Solved – Low recall and high precision in text summarization

classificationmaximum-entropyrapidminertext mining

We are trying to generate a model to summarize Persian news. About 14000 news were summarized with help of humans(supervised) and then we extracted all sentences (about 180000) and labeled them (true if were selected in summarization, false if not). We have also calculated 9 features for these sentences (all features are between 0-1). Finally we used MaxEnt classifier (logistic regression) for binary classification on our data set.

And here is the result :
enter image description here

I really don't know low recall and high precision is normal for our classifier or something is wrong in our work? Can anyone come up with an explanation?

Best Answer

Users often prefer higher precision to higher recall. For example, you (and Google) really want the first 15 or 30 results for a search engine query to be accurate (=high precision), but neither of you are particularly concerned if you miss one or two of the millions on pages on the web (=low recall). Obviously, this depends a bit on the application, but I would imagine summarization is similar.
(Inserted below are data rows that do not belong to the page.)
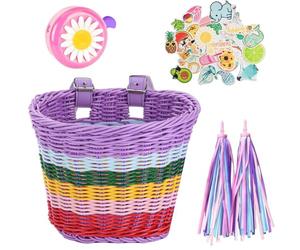 Kueohse Panier de Vélo Tissé à la Main avec Autocollants à Pompon et Clochette, Panier de Transport Réglable pour Guidon de Vélo, Accessoires de Cyclisme pour Produits pour B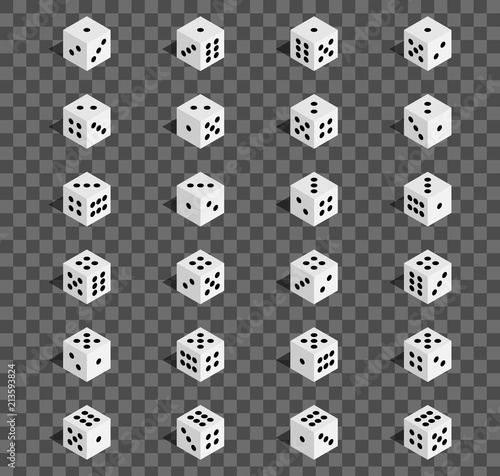 Creative vector illustration of isometric 3d gambling dice combination isolated on transparent background. Art design game. Abstract concept graphic casino 24 turns cube element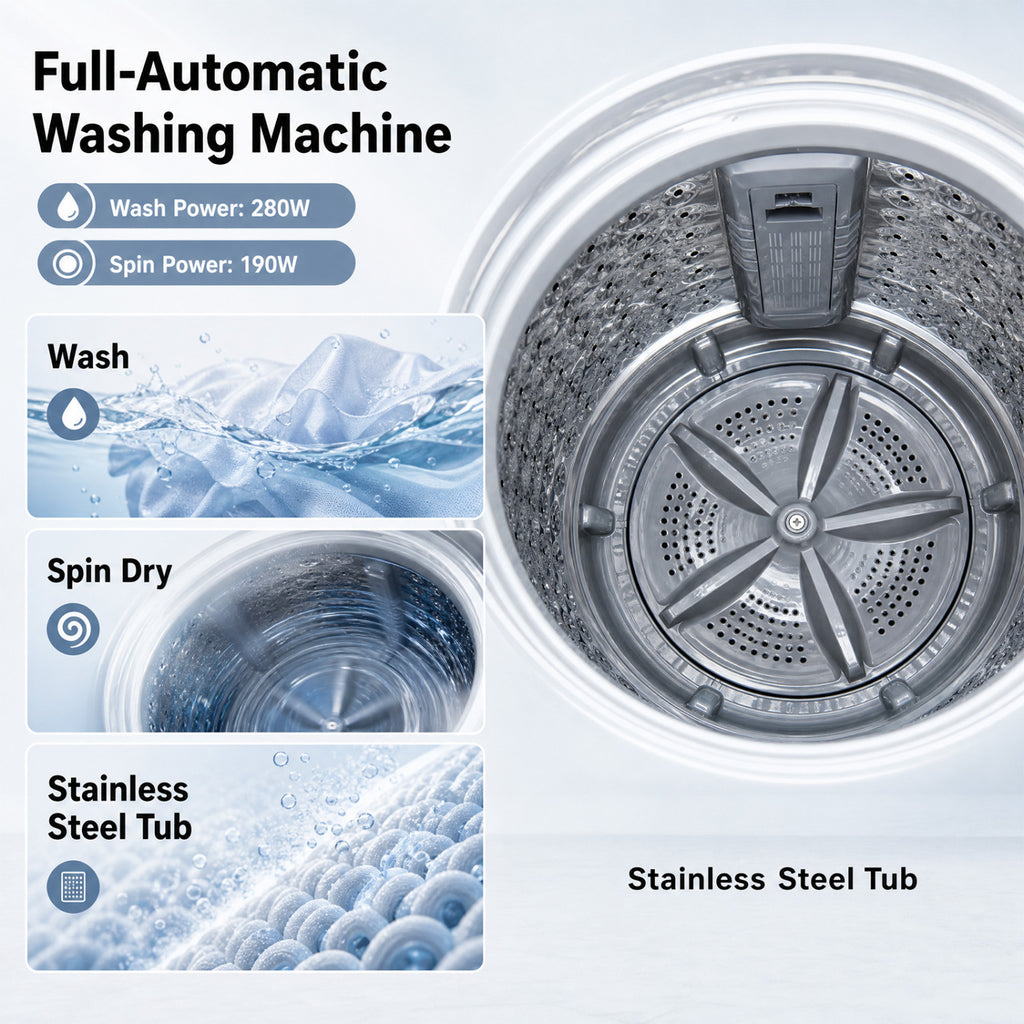 Full Automatic Washing Machine with 8 Preset Programs 6 Water Levels and Built-in Drain Pump-Gray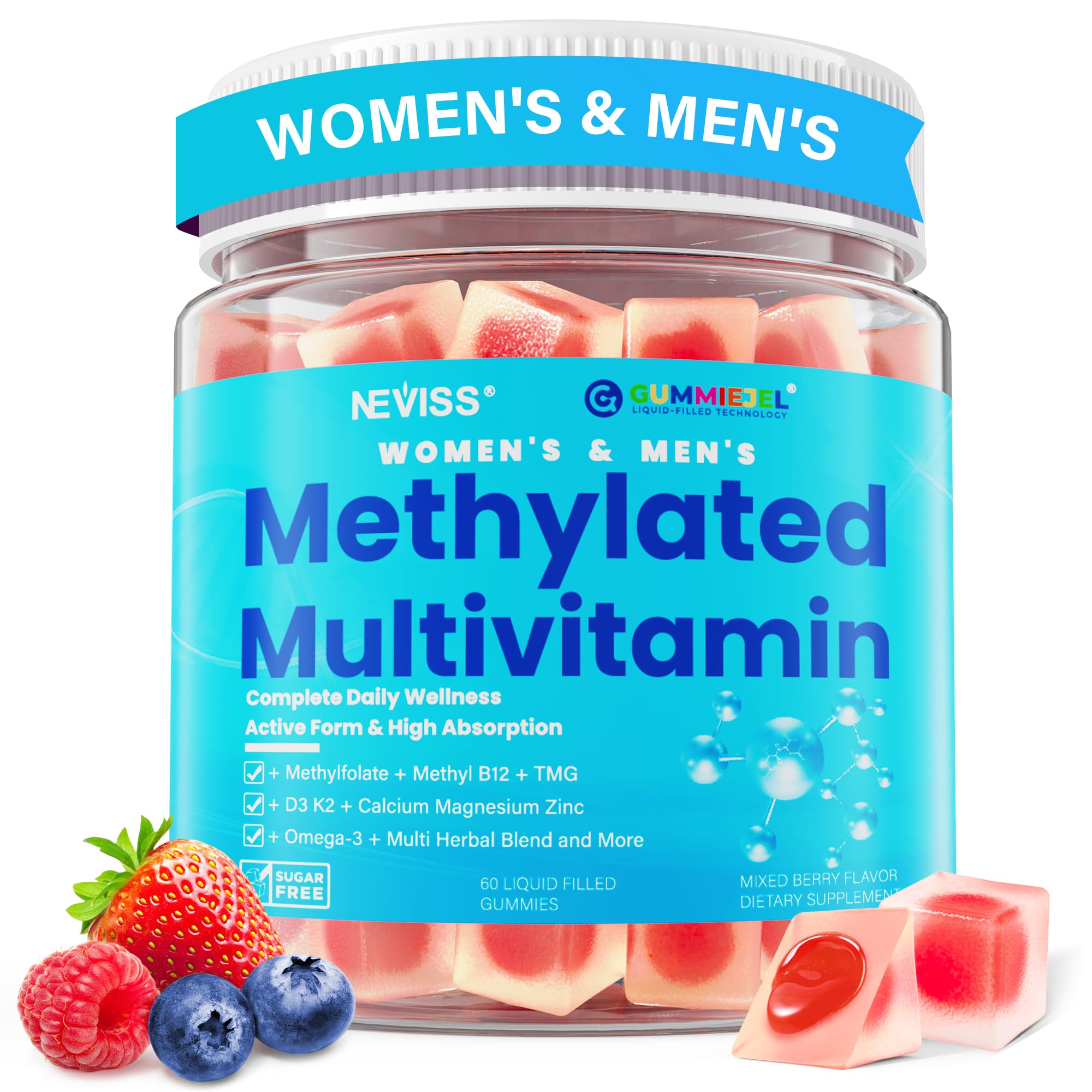 Bottle of Methylated Multivitamin Gummies with Omega-3, vegan sugar-free formula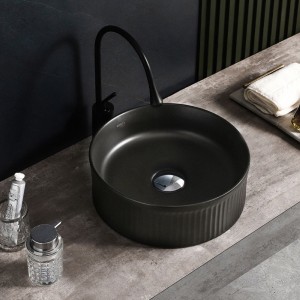 Umywalka nablatowa ceramiczna okrągła ryflowana Lava-MTB-RF-370 czarny mat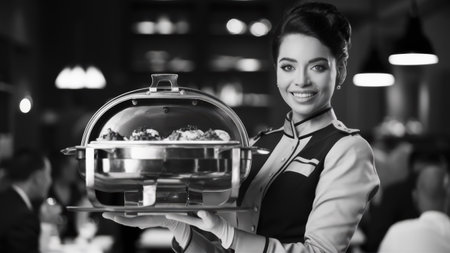 A woman holding a tray of food in front of her, AIの素材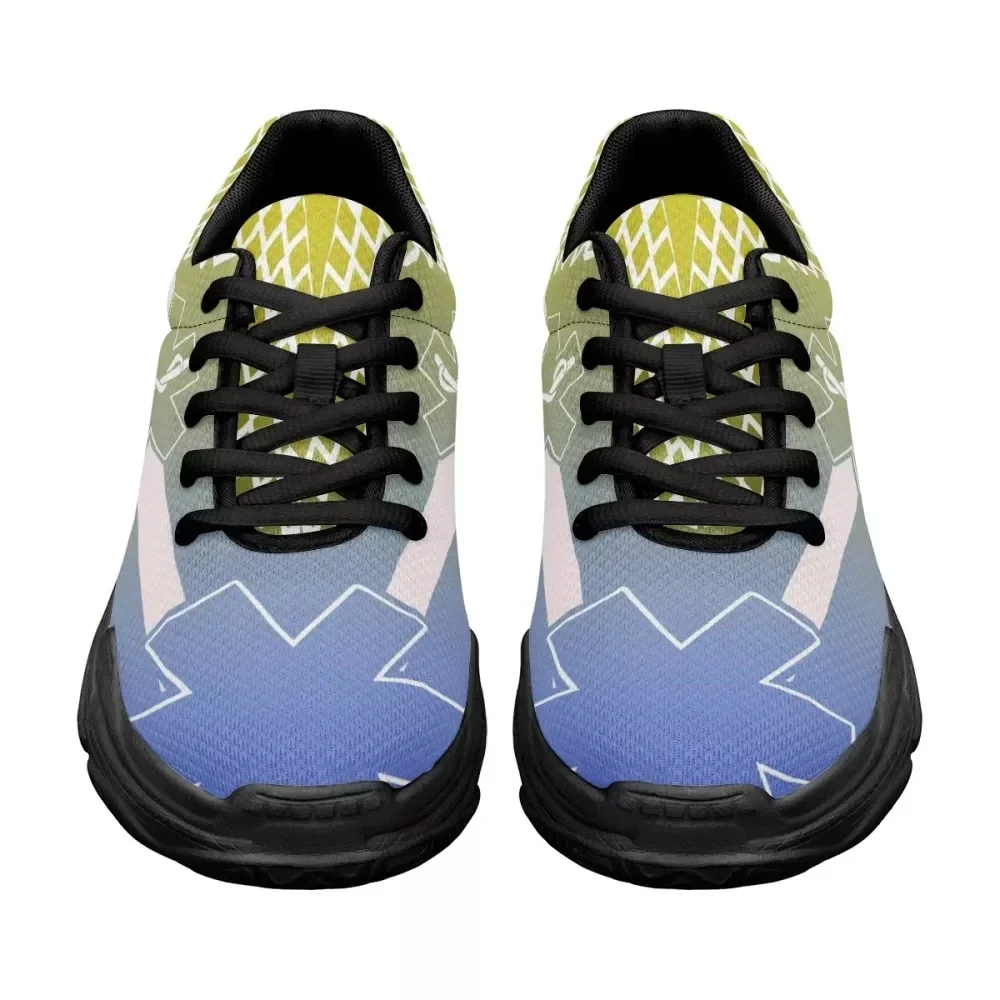 Retro Golden Floral Women Mesh Shoes Casual Sneakers Female Lace Up Outdoor Increasing Platform Dropshipping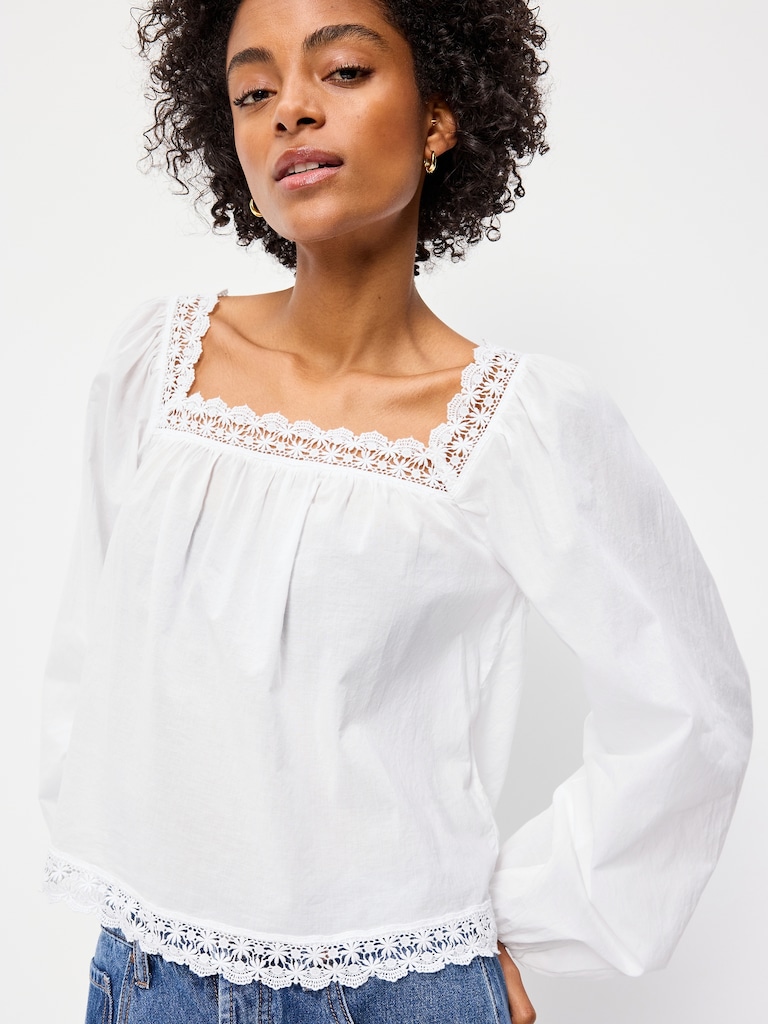 Long-Sleeve Lace Trim Top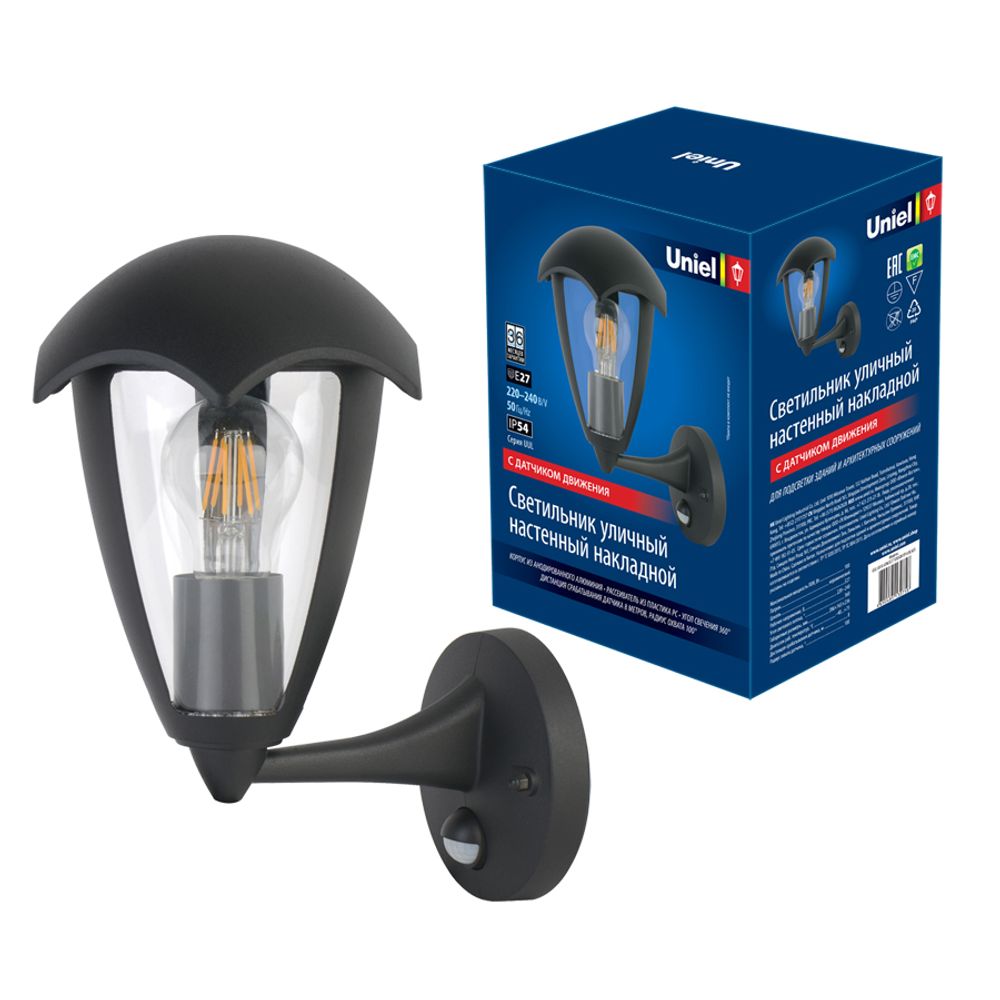 UUL-S81A 60W/E27 SENSOR IP54 BLACK Светильник  уличный, под лампу Е27, с датчиком движения. Архитектурный накладной. Корпус черный. TM Uniel.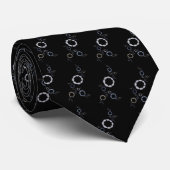 Modern Abstract Fractal Pattern Black Background Stropdas (Opgerold)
The bad news is that rapid miner has apparently computed precision and recall for each class separately, and it looks like your recall is quite bad (~13%) on the in-summary class, which is presumably more important than the not-in-summary sentences.

I suspect that this is because you have fairly unbalanced classes--it looks like there are ~3x more not-in-summary examples in your data set. You could potentially tweak the logistic regression's decision threshold (probably 0.5 by default) to give extra weight to the positive examples.